[EXERCISE GOAL]:
Take the material below and output exactly the run of lines from the one containing "8466 Trüllikon Foto AK Fliegeraufnahme" down to the one containing "Gastronomia tradicional portuguesa 3 volumes", with both included.

[DATASET RECORDS]:
+++

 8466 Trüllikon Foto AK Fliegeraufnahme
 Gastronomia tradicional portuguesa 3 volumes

+++

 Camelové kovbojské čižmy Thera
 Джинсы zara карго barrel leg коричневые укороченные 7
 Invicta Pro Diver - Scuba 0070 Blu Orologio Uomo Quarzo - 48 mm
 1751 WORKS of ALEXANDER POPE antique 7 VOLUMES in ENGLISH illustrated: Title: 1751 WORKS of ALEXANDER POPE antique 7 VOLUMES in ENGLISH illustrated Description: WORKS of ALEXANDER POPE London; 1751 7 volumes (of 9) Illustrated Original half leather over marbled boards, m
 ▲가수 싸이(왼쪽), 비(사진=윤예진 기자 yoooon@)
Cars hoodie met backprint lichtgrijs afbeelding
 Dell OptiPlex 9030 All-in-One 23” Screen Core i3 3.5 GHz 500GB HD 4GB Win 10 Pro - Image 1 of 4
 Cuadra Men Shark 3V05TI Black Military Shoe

+++

[SOLUTION]:
 8466 Trüllikon Foto AK Fliegeraufnahme
 Gastronomia tradicional portuguesa 3 volumes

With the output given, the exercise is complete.